What is needed: Your output should be the lines below from the one with "Ansichtskarte Bad Elster" through the one with "Cabilock Artificial Green", copied exactly, pictures excluded.

** Task input follows **

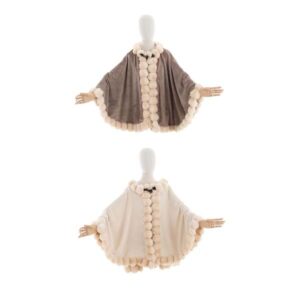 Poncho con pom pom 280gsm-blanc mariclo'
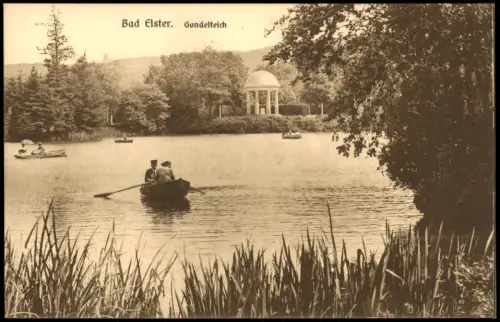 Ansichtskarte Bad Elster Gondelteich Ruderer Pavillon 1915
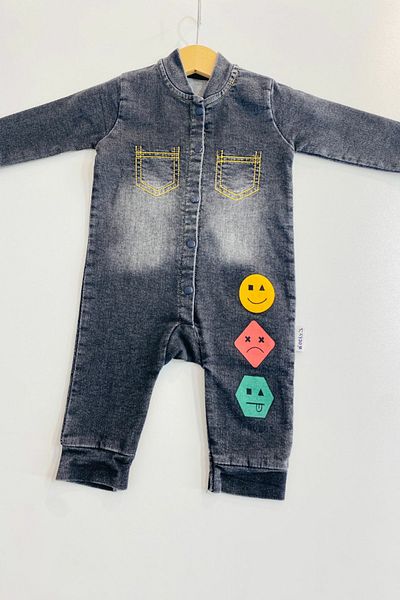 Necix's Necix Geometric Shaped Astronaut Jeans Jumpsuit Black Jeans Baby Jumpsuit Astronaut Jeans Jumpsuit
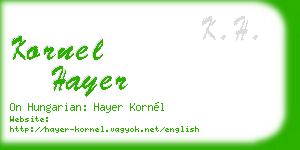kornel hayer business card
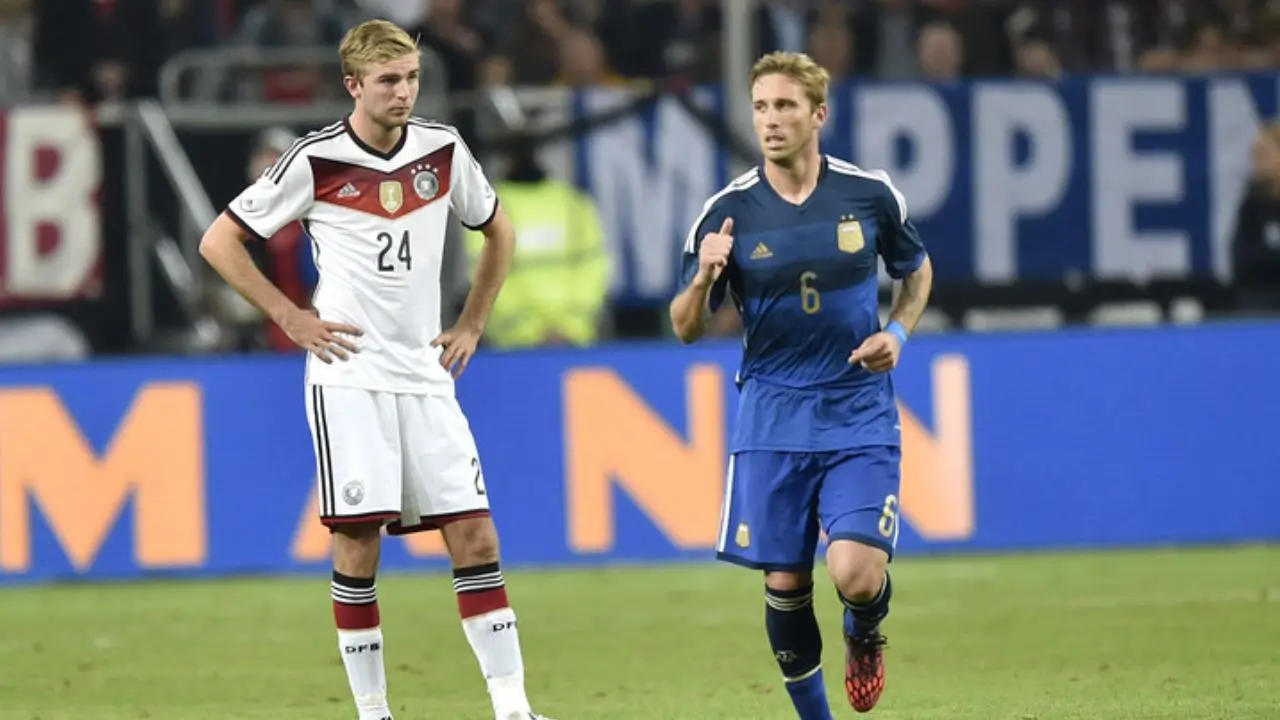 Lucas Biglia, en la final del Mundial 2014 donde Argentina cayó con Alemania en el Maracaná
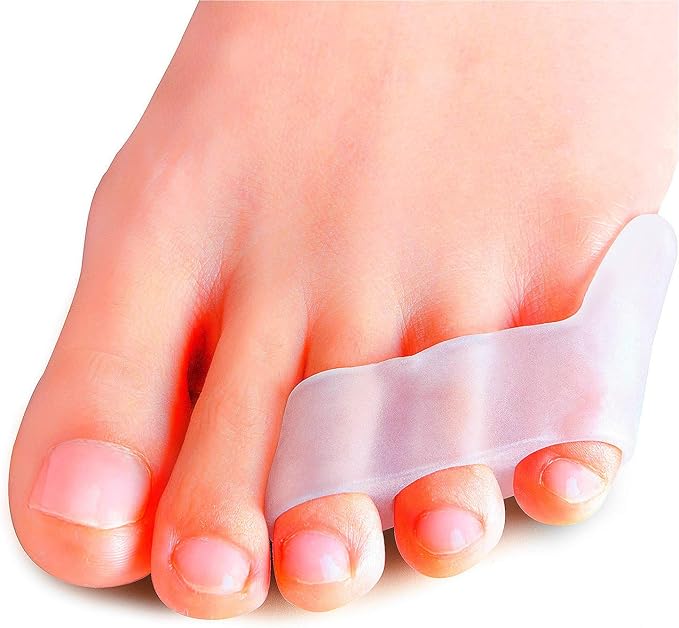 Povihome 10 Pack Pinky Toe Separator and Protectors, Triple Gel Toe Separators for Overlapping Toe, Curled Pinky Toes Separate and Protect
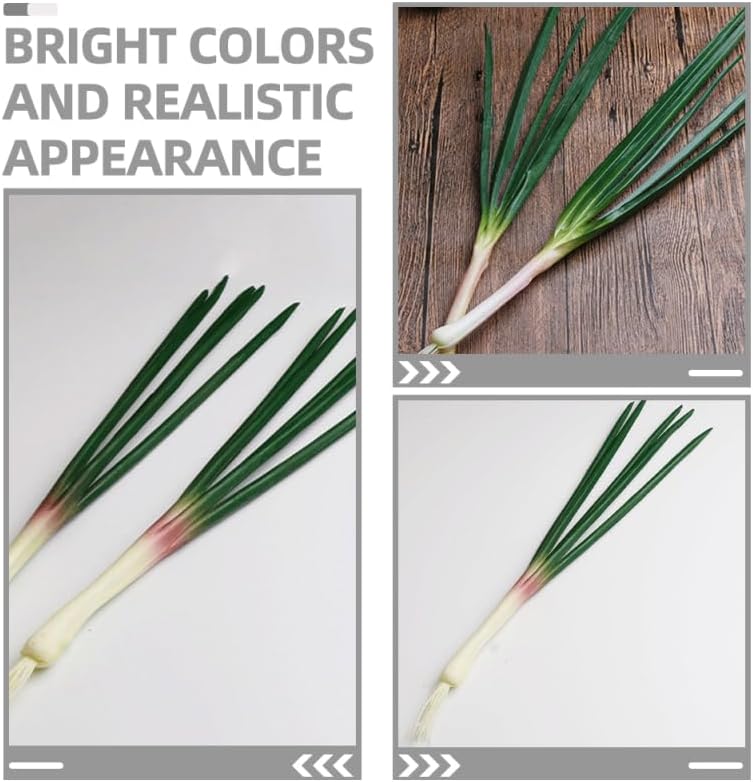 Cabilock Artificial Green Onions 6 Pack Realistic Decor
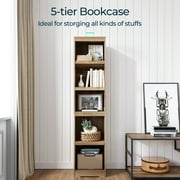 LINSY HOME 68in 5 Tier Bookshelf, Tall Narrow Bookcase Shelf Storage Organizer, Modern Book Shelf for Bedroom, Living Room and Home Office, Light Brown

** End of Task input **
** Task input follows **

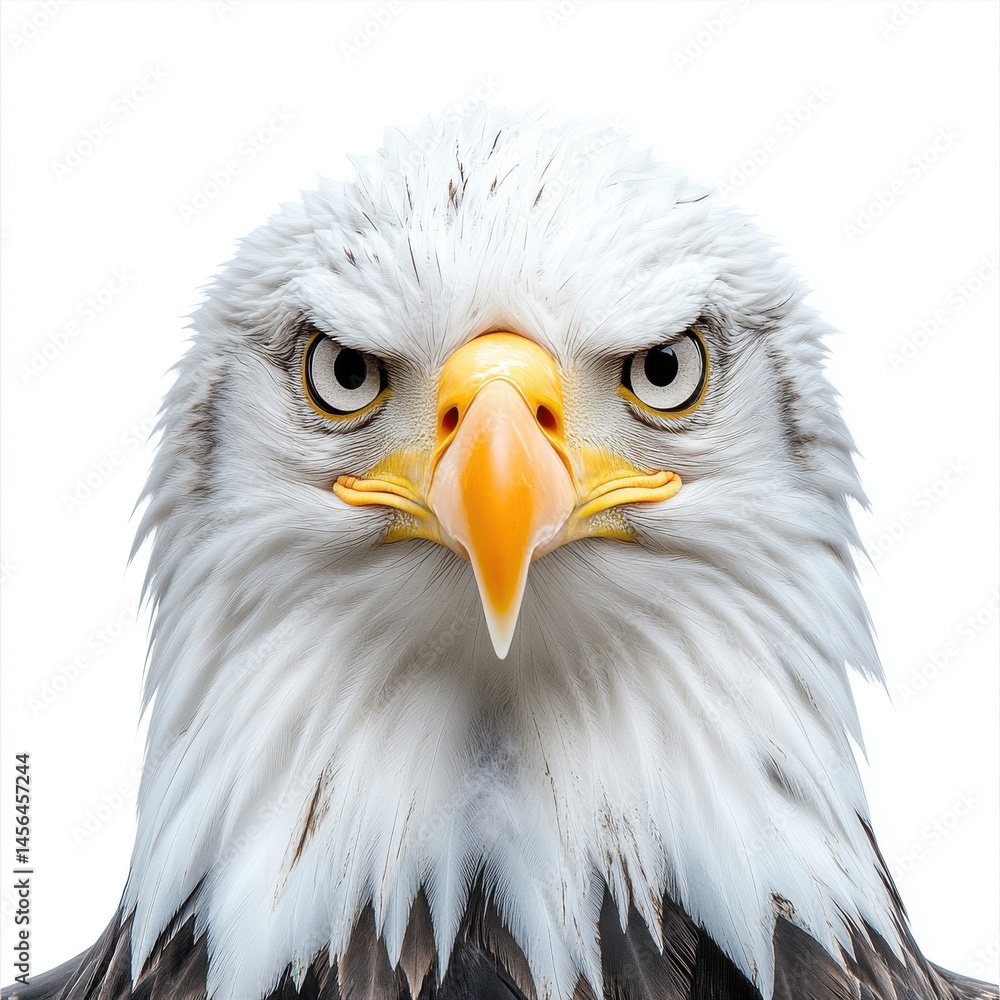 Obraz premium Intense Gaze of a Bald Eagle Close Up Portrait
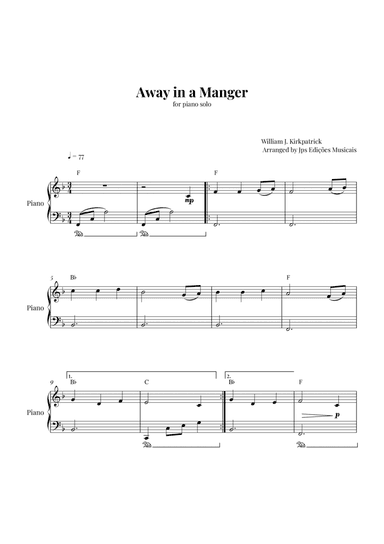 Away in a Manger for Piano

** End of Task input **
** Task input follows **

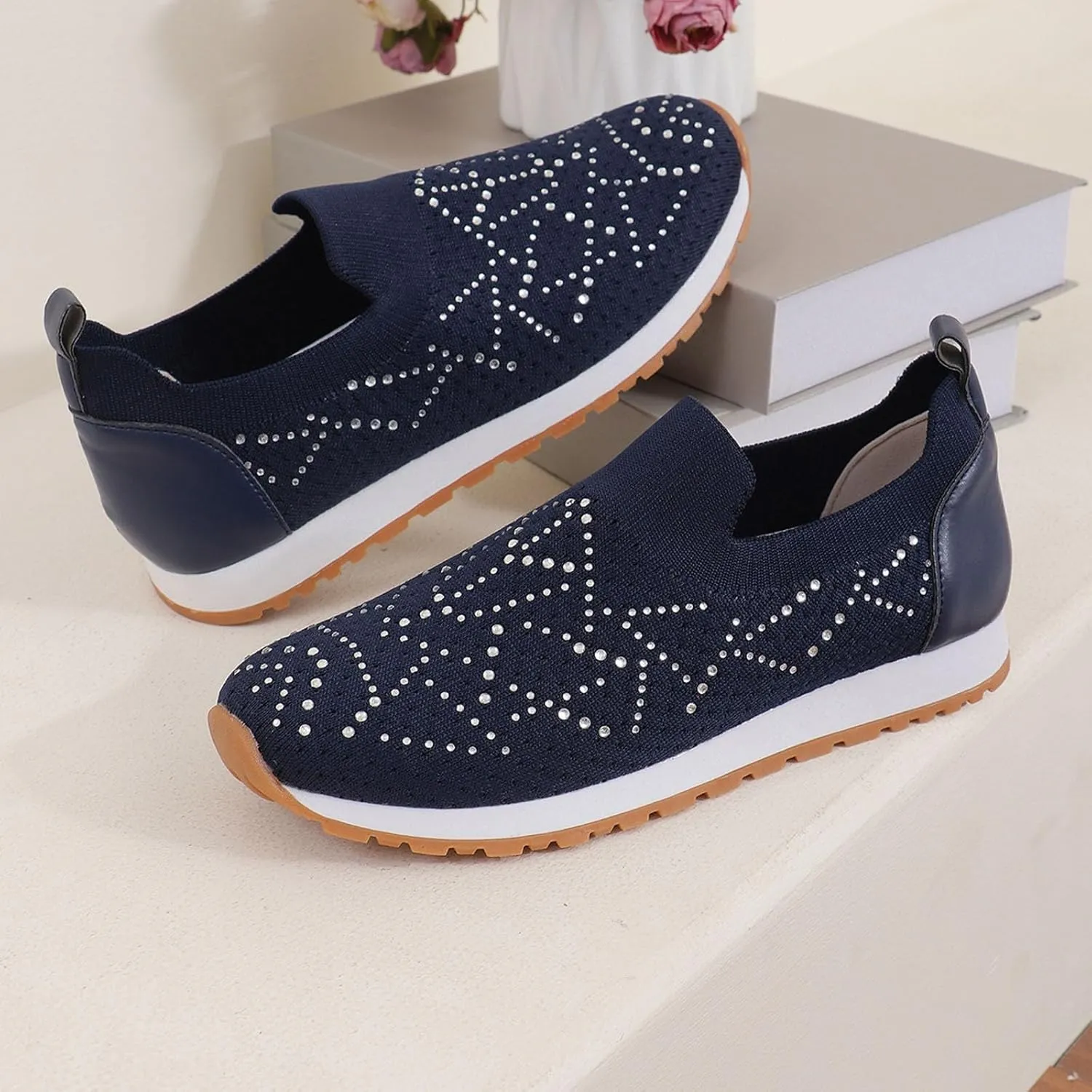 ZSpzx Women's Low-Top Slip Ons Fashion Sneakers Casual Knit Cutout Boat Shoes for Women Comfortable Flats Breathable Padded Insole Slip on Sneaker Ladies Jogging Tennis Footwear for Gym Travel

** End of Task input **

Expected output:
 Ansichtskarte Bad Elster Gondelteich Ruderer Pavillon 1915
 Necix's Necix Geometric Shaped Astronaut Jeans Jumpsuit Black Jeans Baby Jumpsuit Astronaut Jeans Jumpsuit
kornel hayer business card
 Lucas Biglia, en la final del Mundial 2014 donde Argentina cayó con Alemania en el Maracaná
 Povihome 10 Pack Pinky Toe Separator and Protectors, Triple Gel Toe Separators for Overlapping Toe, Curled Pinky Toes Separate and Protect
 Cabilock Artificial Green Onions 6 Pack Realistic Decor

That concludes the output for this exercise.